* Work required
Set the listing down again exactly, please, apart from its pictures.

* Supplied material
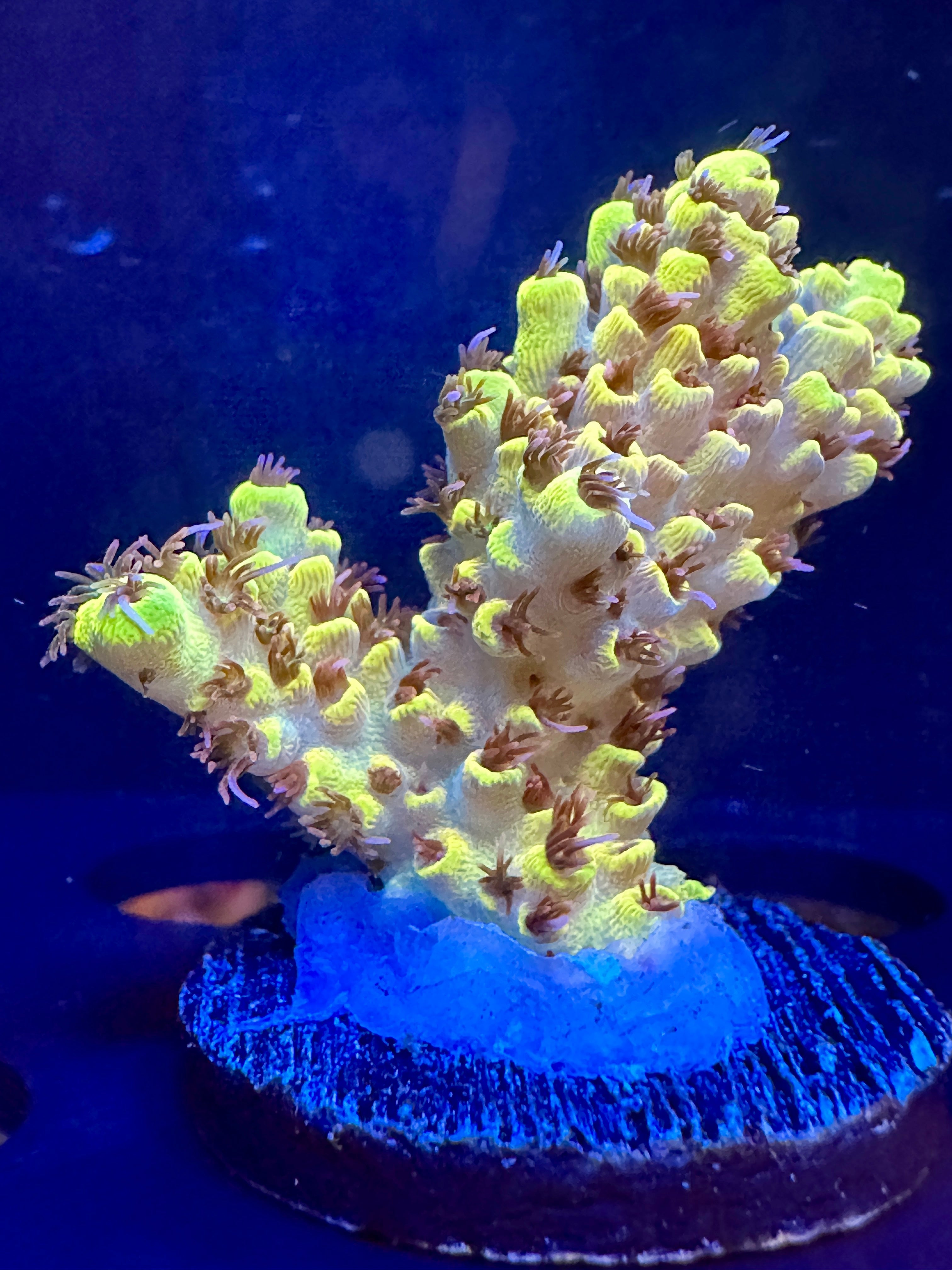 RR Pink Floyd WYSIWYG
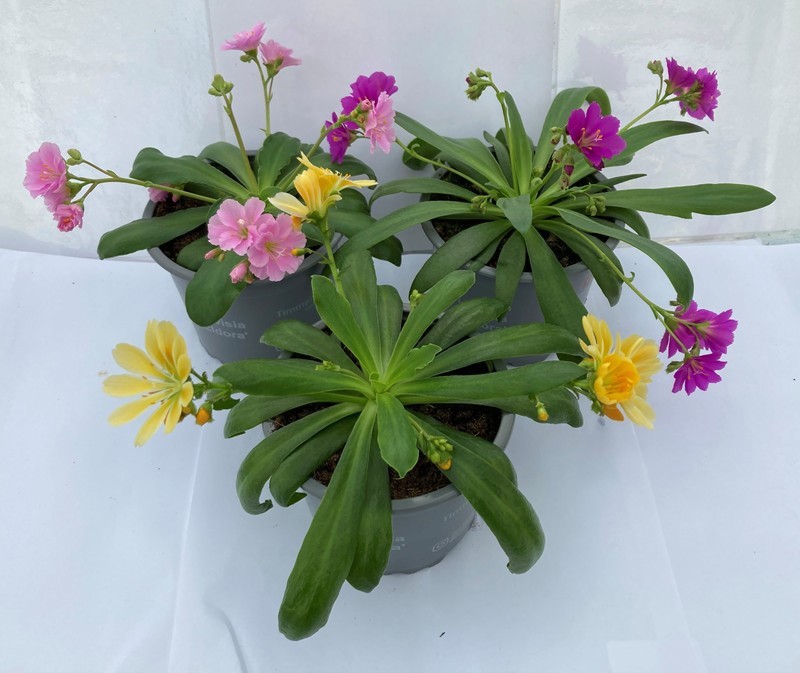 SELAGINELLA MARTENSII, D 9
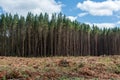 active forestry tree felling harvesting operation site near Taupo Royalty Free Stock Photo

* Output for this task
 RR Pink Floyd WYSIWYG
 SELAGINELLA MARTENSII, D 9
 active forestry tree felling harvesting operation site near Taupo Royalty Free Stock Photo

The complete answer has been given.